▸ What the exercise asks: Below is a listing; retype exactly the lines between the one containing "UVC Lamp Portable" and the one containing "Blue, Pink, Green", inclusive, minus the pictures.

▸ Supplied records:
────────────────
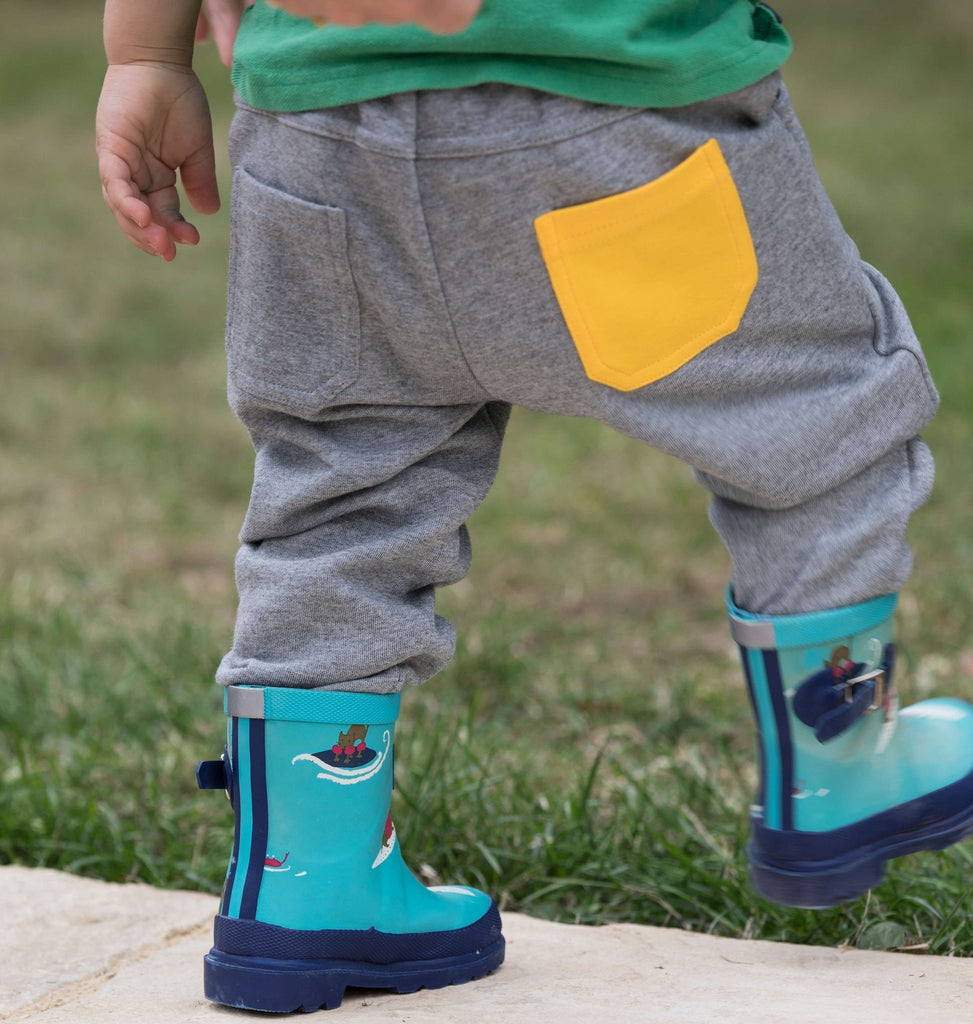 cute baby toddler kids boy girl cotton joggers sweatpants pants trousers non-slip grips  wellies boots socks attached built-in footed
────────────────
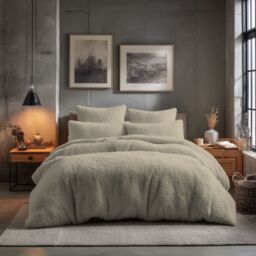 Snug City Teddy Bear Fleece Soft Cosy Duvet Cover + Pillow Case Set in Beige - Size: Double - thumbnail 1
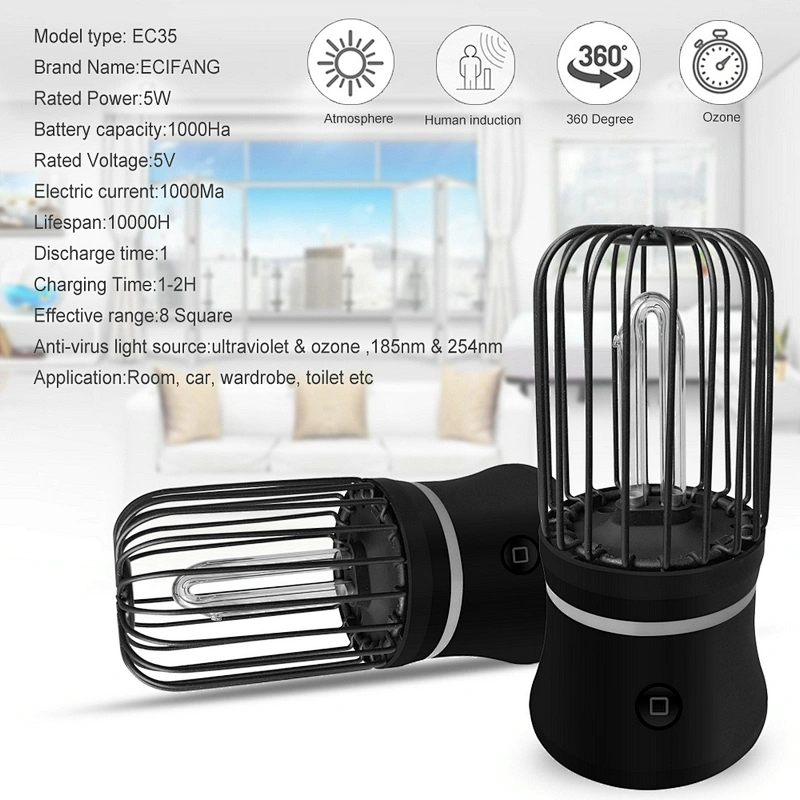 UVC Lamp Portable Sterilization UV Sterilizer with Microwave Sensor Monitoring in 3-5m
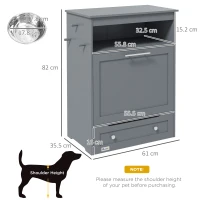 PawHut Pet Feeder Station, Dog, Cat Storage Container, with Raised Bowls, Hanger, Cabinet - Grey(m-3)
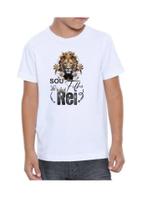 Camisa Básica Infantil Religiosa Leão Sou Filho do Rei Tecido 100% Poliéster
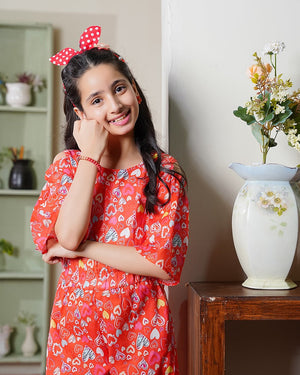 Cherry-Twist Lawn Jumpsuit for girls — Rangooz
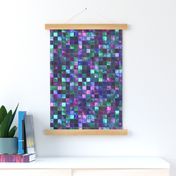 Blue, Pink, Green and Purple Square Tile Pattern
────────────────
▸ Reply to the exercise:
 UVC Lamp Portable Sterilization UV Sterilizer with Microwave Sensor Monitoring in 3-5m
 PawHut Pet Feeder Station, Dog, Cat Storage Container, with Raised Bowls, Hanger, Cabinet - Grey(m-3)
 Camisa Básica Infantil Religiosa Leão Sou Filho do Rei Tecido 100% Poliéster
 Cherry-Twist Lawn Jumpsuit for girls — Rangooz
 Blue, Pink, Green and Purple Square Tile Pattern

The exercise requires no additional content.